Господи, о чем я говорю? Мы же сплетничаем с ним как сельские кумушки! Как быстро среди этих пасторальных пейзажей мы дошли до жизни такой?!
— Ш-што?!! — возмущённо шипит Вэл, совсем не обращая внимания на подошедшую Марину. — Ты все вреш-шь! Ты сама поехала кукухой со всеми своими страстиш-шками! И уже галлюцинируешь на пустом месте! Вэлиал Донцов никогда не ошибался в симпатиях на свой счёт! Я знаю, многие меня ненавидят — ибо я… такой! Вот как твоя гопница Наташка — я ей как кость в горле посреди ее убогого мирка! Но есть и те, чье сердце чувствует меня — это с первой секунды и навсегда! И я не уебанец какой-то, чтобы этого не замечать!
— Но…
— Все! Ни слова больше! — Вэл в приступе театральной патетики окончательно переходит на высокий слог. — Мы идём в поля! Не грузи меня своей хуетой! И пусть ветер развеет твои дебильные мысли!

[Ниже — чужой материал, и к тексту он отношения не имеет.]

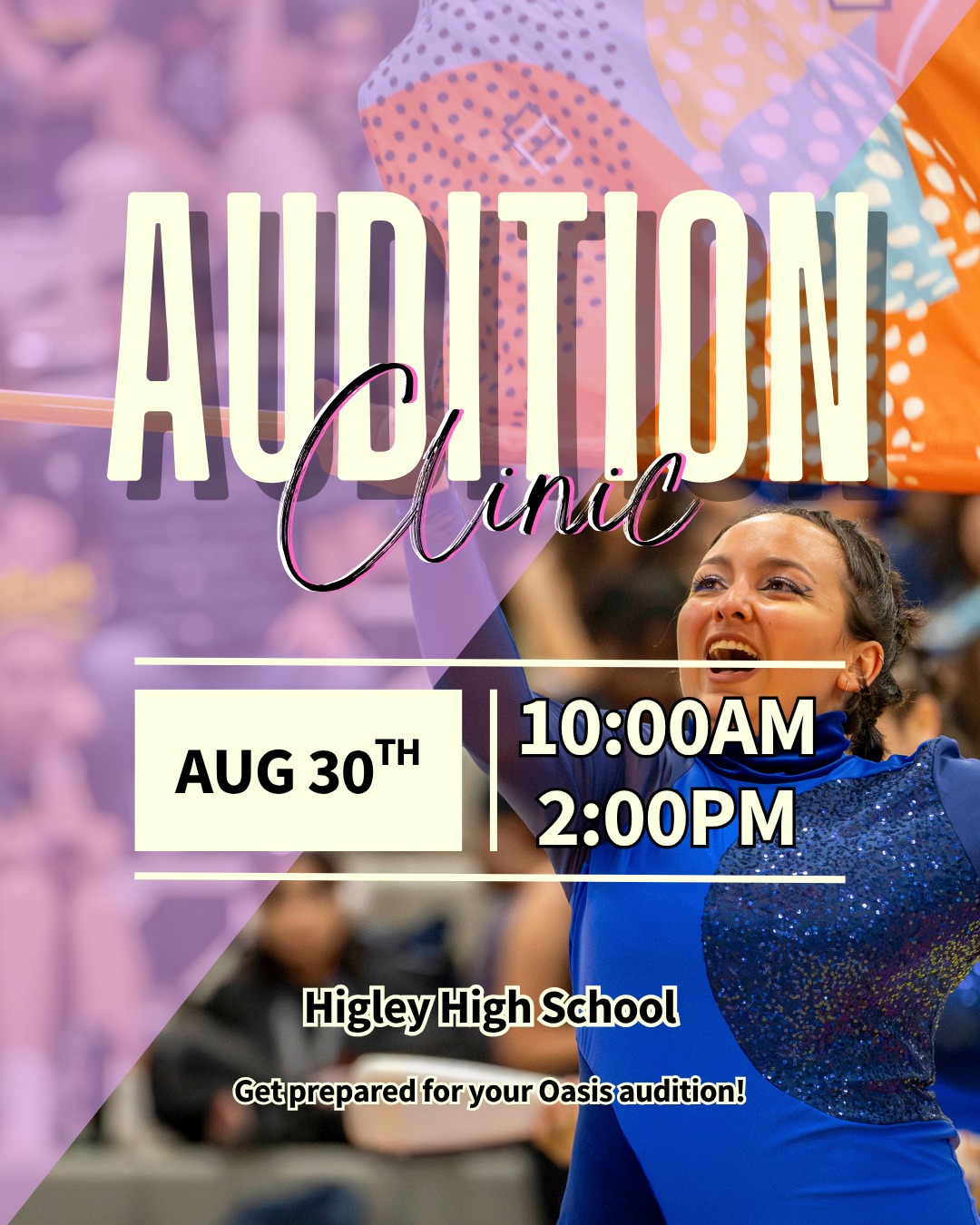 Join us this Sunday for our last pre-audition clinic at Higley High School from 10am-2pm. Meet the staff, learn our technique, and get one step closer to the 2027 season!
Link in our bio!
#wgi #wgaz #winterguard #oasis #colorguard
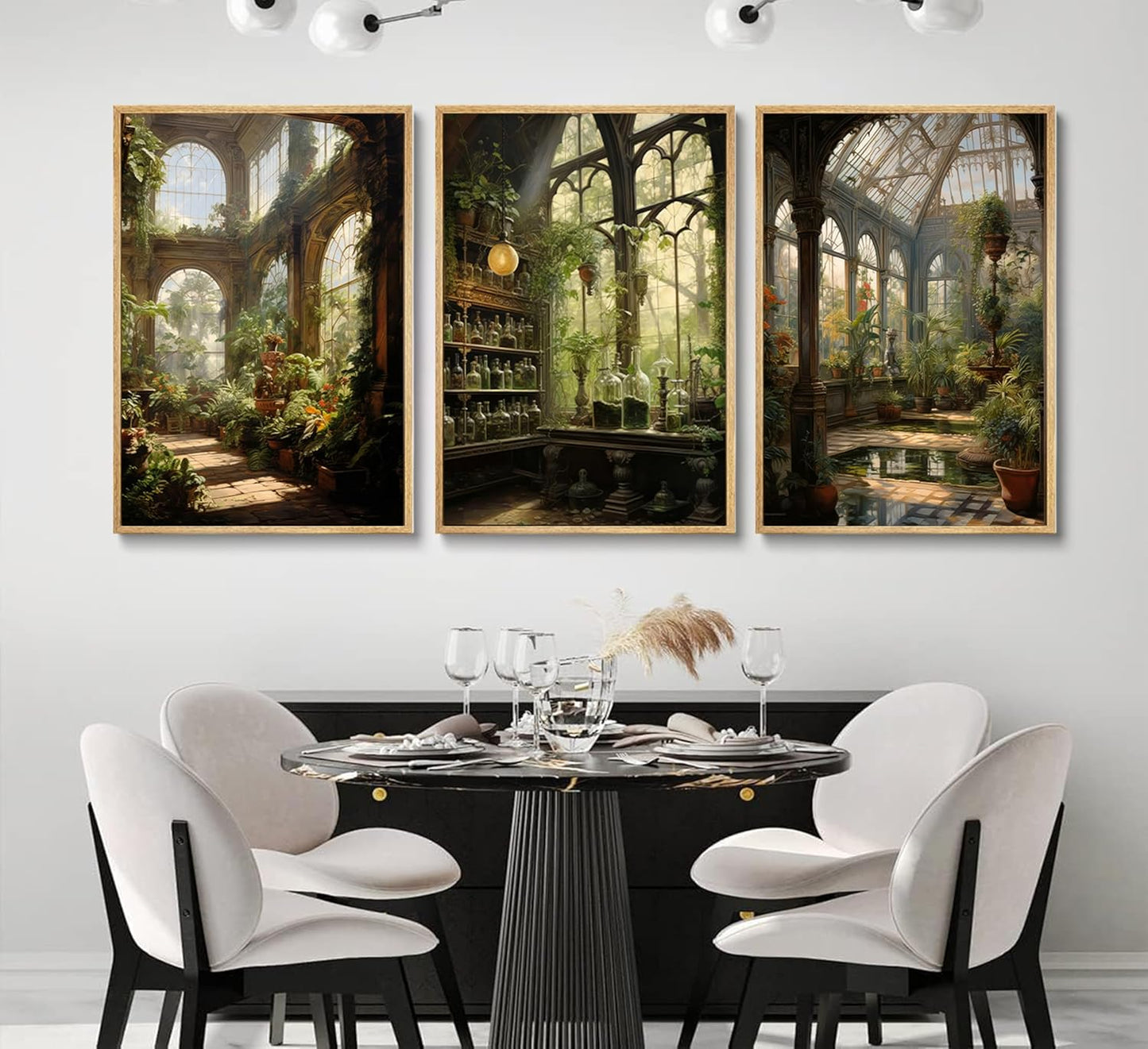 3pcs William Morris Green Plants Canvas Wall Art Medieval Castle Posters Prints Gothictalian Landscape Painting Pictures Paintings Wall Decor for Living Room Bathroom Bedroom Decoration Unframed
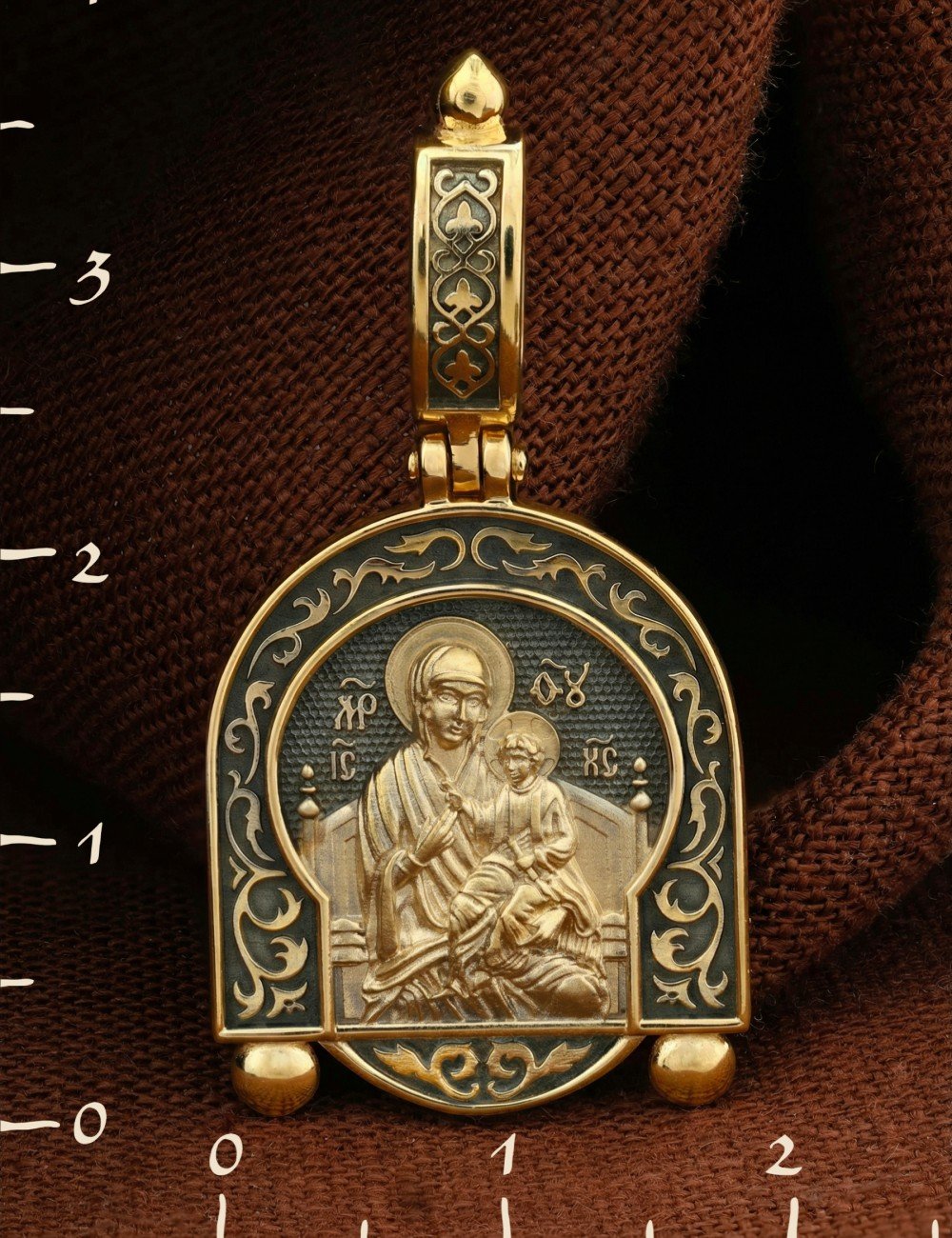Образок из лимонного золота 585 пробы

Его обида не проходит и спустя полтора часа, когда гордо восседая на Ляме, на которую взобрался только с третьего раза, а я — так вообще не смогла и поэтому уступила право своей поездки Вэлу, он презрительно отворачивает от меня лицо, стараясь приноровиться к спокойному шагу лошадки. Ляма, совершенно расслабившись от покладистости всадника, который даже не пытается ею управлять, бредёт по дороге нога за ногу, время от времени останавливаюсь пощипать травы, и только тогда Вэл поворачивается к нам — и в его глазах читается настоящее счастье. Несмотря на ездовой шлем, на который ему пришлось сменить ковбойскую шляпу, чувствует он себя покорителем прерий, о чем говорят его сияющие глаза и улыбка во все тридцать два зуба.